> How to complete this task: From the line that contains "Front view ZipDoor" down to the last line of the data below, restate every line word for word, skipping any images.

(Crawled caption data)
────────

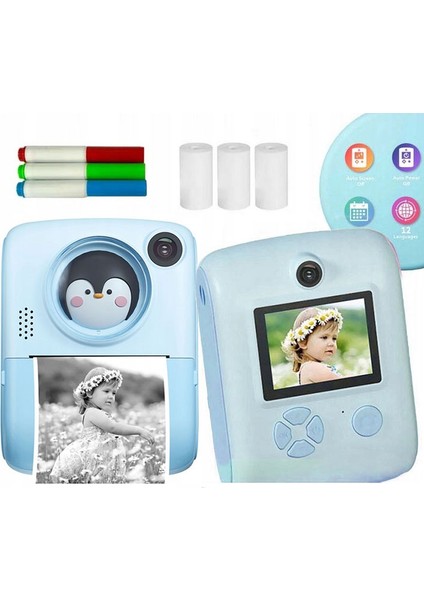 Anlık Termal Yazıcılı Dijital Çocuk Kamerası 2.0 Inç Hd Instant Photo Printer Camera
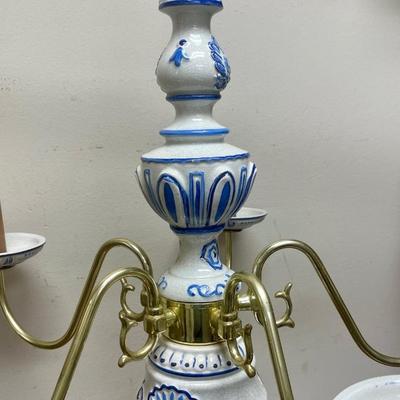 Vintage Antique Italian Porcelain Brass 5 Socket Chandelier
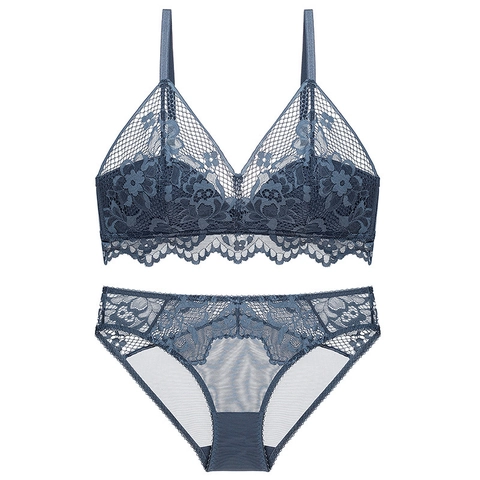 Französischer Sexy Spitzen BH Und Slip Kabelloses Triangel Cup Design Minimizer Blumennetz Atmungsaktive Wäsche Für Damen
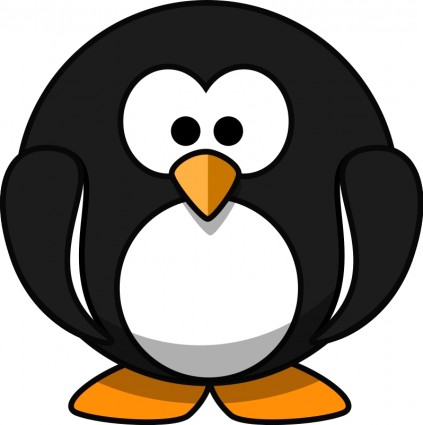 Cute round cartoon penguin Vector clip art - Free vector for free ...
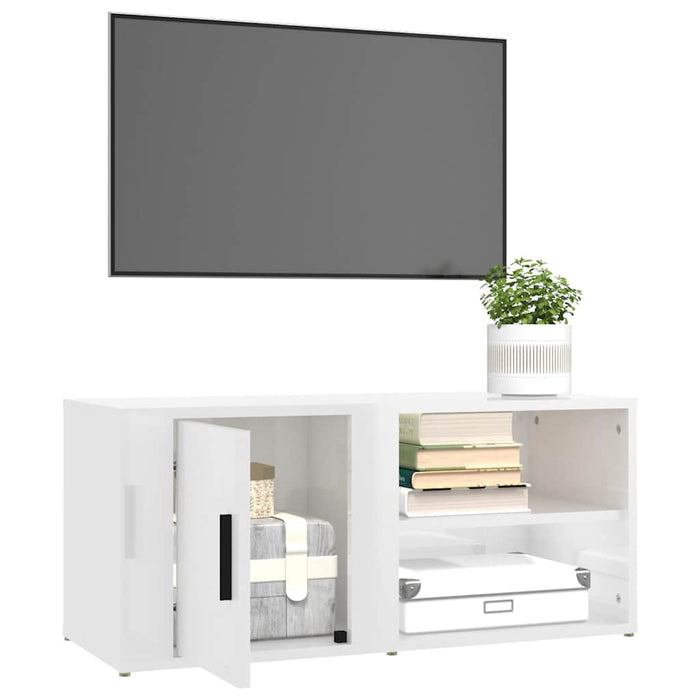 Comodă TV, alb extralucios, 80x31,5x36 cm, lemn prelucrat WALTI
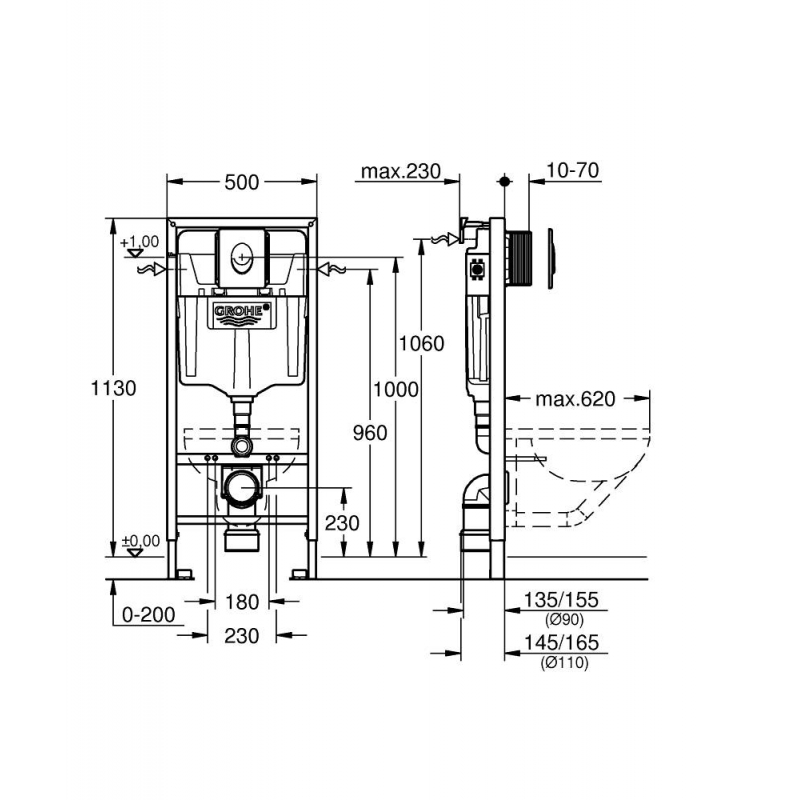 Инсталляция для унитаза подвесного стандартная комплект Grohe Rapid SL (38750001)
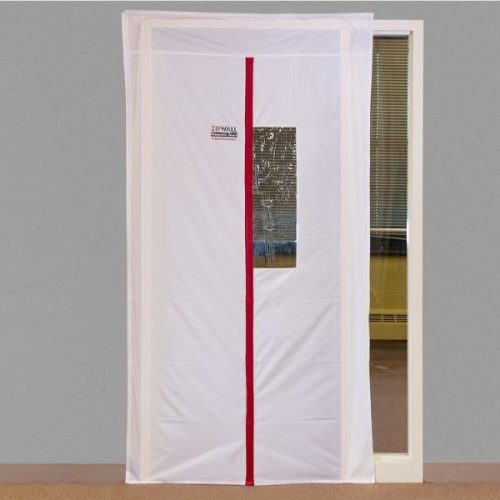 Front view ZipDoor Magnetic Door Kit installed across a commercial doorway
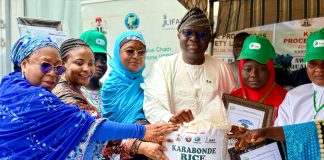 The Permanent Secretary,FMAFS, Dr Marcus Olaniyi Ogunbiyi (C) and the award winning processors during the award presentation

────────

> Response area:
 Front view ZipDoor Magnetic Door Kit installed across a commercial doorway
 The Permanent Secretary,FMAFS, Dr Marcus Olaniyi Ogunbiyi (C) and the award winning processors during the award presentation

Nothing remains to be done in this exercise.